The ATSB analysis used two basic analysis techniques referred to as “Data Driven” and “Flight path/mode driven”… While we agree that these statistical methods are reasonable techniques, both tend to overlook or minimize likely human factors in favor of pure mathematical statistics. This ATSB approach appears to have resulted in a conclusion that the most likely average speed was approximately 400 kts (Appendix A). However, 400 kts is not consistent with standard operating procedure (typically 35,000 feet and 470-480 kts), nor is it consistent with the likely speed a pilot would choose in a decompression scenario (10,000 feet and 250-300 kts). A speed of 400 kts may minimize the BTO and BFO errors for a given set of assumptions, but the errors can also be shown to be very small for other speeds. Given all the tolerances and uncertainties, we believe it is important to consider human factors with more weight… B777 pilots consistently tell us that under normal conditions, the preferred cruise attitude would be 35,000 feet and the TAS would be approximately 470-480 kts. We believe this is the most likely case for MH370, and note that the last ADS-B data available indicated that MH370 was at 35,000 feet and 471 kts at that time.

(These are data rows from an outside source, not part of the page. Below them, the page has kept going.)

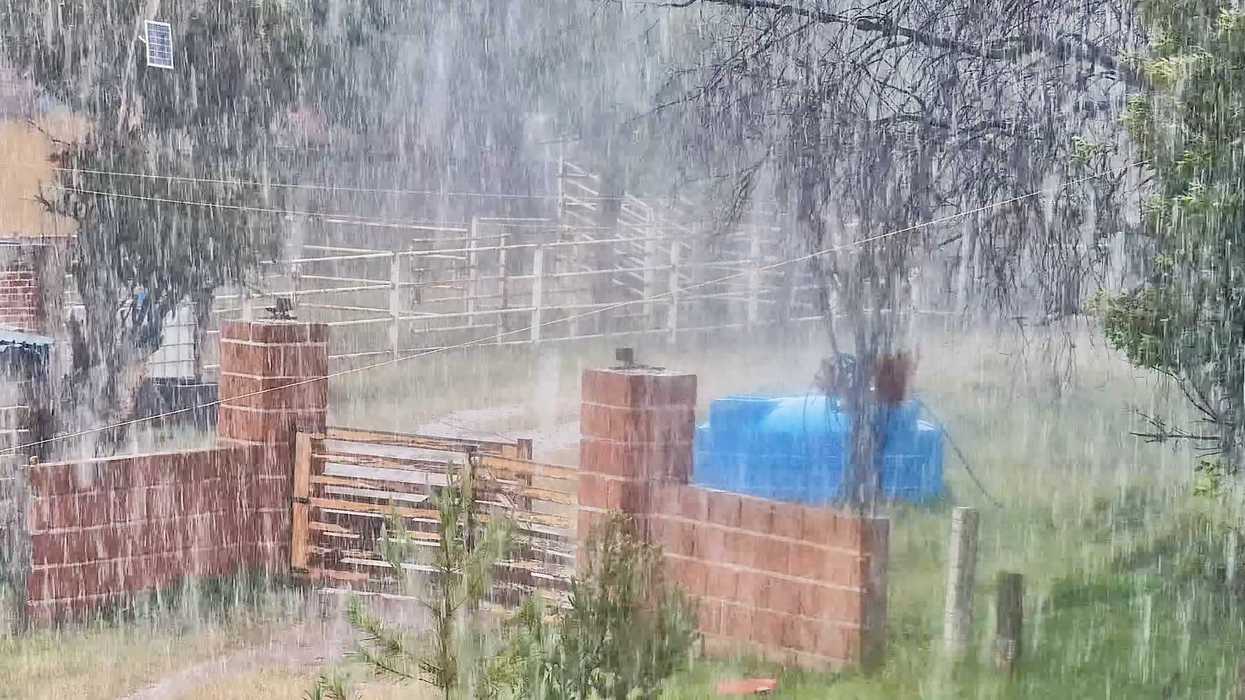 Pronóstico meteorológico para Santiago de Querétaro el 3 de agosto de 2026, con 70% de probabilidad de lluvia y temperatura máxima de 30 °C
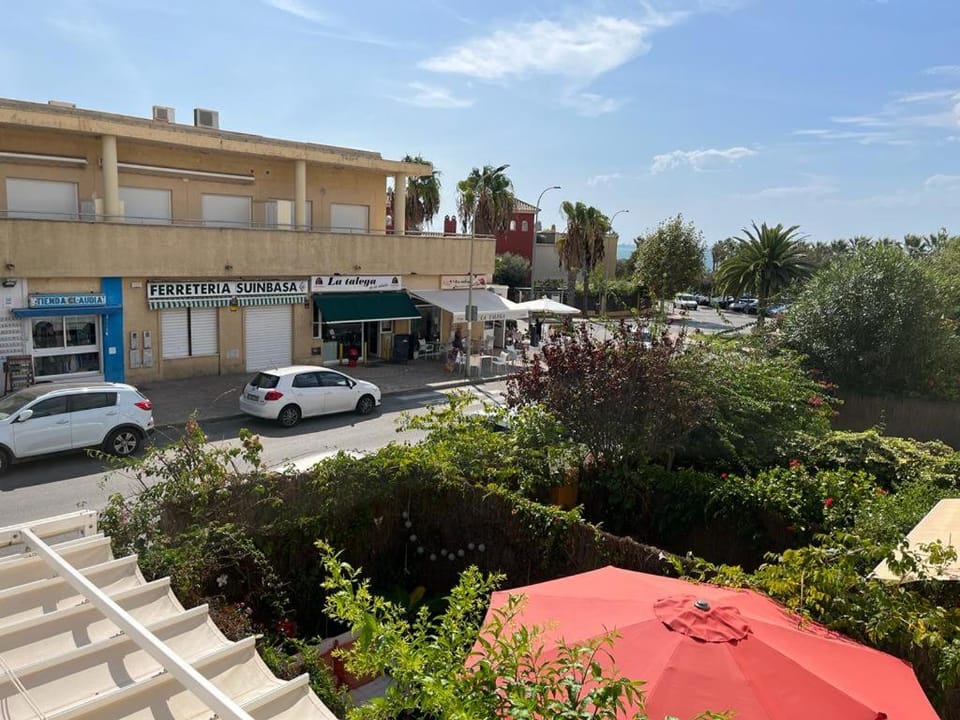 Neighbourhood, Street view, Location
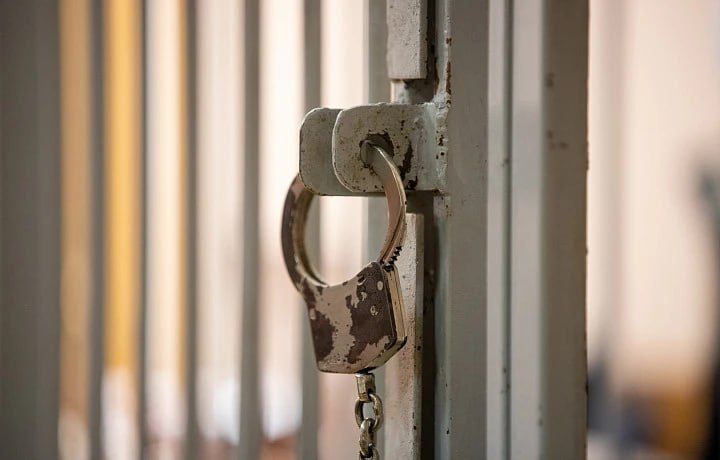 В Новомосковске подростка приговорили к двум годам колонии за выстрел в друга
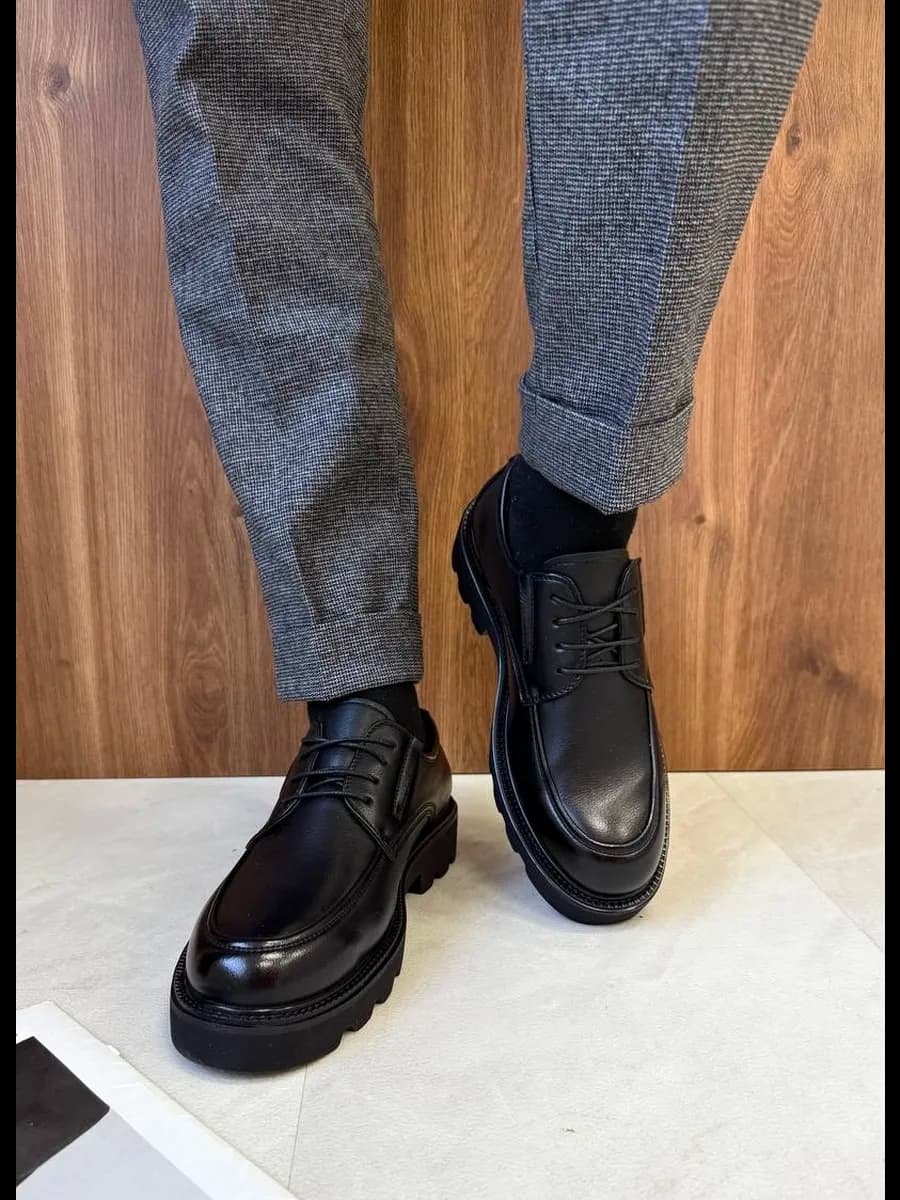 Лоферы туфли со шнурками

As can be seen in the chart above, the differing approaches result in search areas that are some 500 miles apart. The full report can be found online here.

UPDATE 9/12/14: Richard Godfrey has pointed out that a recent report from the ATSB  shows that the seabed-mapping effort has recently been extended some 200 nautical miles toward the IG search area:




571 thoughts on “MH370 Search Area Still Too Far North, Independent Experts Suggest (UPDATED)”

  1. Nihonmama – From your link – “One U.S. intelligence official, who asked not to be identified because he doesn’t have permission to speak to reporters, said the decision to hit Khorasan was related in part to concern that recent news stories in the United States about the group might cause the terrorists to go more deeply underground. U.S. officials wanted to act while they had fresh intelligence on where the group’s members could be found, he said.

    For me at least, a credible reason has emerged as to why noone wanted to talk about terrorism back in March, and been invisible ever since?

    Just going expansive on the terror bit – If they were planning hijacks, how did they intend to get around the ballistic door? Remembering that Iran was housing them until a year ago.

    And maybe a Kindergarten level question – could an impostor satellite be used to mess with a 777 in flight? What would it require?

  2. @Brock,

    Thanks for your constructive criticisms and suggestions. That is exactly the kind of response which I was hoping to get.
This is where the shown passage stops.